Nexen, which reported a 71 percent fall in third-quarter profit on Thursday, struck a takeover deal with CNOOC in July but the transaction remains in limbo as the Canadian government determines whether it is of ``net benefit'' to the country.
CNOOC's chief financial officer, Zhong Hua, told reporters on Wednesday that his company expected to get approval for the takeover by the end of the year.
Ottawa has promised to release a set of clear guidelines for large foreign investments when it announces its decision on the takeover around Nov. 11.
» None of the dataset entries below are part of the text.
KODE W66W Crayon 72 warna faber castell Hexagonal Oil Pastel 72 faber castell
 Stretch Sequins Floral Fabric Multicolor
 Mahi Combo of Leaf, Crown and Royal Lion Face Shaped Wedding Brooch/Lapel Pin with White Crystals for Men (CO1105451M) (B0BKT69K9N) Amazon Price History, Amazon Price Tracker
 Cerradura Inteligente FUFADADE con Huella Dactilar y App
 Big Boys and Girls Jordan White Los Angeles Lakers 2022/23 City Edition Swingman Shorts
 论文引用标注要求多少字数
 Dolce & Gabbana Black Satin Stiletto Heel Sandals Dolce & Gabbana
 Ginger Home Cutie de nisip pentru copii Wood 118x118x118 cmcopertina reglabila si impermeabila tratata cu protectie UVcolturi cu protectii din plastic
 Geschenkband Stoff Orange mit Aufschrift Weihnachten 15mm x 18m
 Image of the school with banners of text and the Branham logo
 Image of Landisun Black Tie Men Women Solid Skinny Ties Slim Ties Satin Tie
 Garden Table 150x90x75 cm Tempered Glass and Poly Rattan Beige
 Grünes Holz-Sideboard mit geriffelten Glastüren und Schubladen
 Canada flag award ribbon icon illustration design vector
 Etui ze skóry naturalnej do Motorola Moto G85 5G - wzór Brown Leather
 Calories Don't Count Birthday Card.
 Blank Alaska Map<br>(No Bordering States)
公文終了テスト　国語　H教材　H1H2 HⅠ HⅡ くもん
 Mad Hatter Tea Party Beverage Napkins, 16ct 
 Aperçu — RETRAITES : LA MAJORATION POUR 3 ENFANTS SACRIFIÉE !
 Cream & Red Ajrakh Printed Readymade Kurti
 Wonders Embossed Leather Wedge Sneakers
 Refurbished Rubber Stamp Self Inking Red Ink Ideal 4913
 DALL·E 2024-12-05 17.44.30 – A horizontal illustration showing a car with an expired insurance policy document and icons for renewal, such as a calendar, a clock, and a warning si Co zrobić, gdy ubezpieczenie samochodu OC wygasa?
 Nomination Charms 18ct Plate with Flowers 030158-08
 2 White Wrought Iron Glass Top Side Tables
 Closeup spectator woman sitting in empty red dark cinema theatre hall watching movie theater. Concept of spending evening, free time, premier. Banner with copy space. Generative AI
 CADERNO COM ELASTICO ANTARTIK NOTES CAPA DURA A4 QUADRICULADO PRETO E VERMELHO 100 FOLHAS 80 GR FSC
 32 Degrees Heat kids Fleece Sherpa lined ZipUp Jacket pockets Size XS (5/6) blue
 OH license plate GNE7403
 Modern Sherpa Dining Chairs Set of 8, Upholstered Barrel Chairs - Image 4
Doubts about the fate of the CNOOC bid increased last week when Canada blocked a $5.2 billion bid by Malaysian state oil company Petronas for Progress Energy Resources Corp .
Nexen said its net income fell to C$59 million ($59.5 million), or 11 Canadian cents per share, in the third-quarter, from C$200 million, or 32 Canadian cents per share, a year earlier. Net sales rose about 7 percent to C$1.5 billion.
Production before royalties fell 3 percent to 181,000 barrels of oil equivalent per day (boe/d).
Cash flow, a glimpse into the company's ability to fund future development, rose to C$560 million, or C$1.06 per share, from C$516 million, or 98 Canadian cents per share, a year earlier.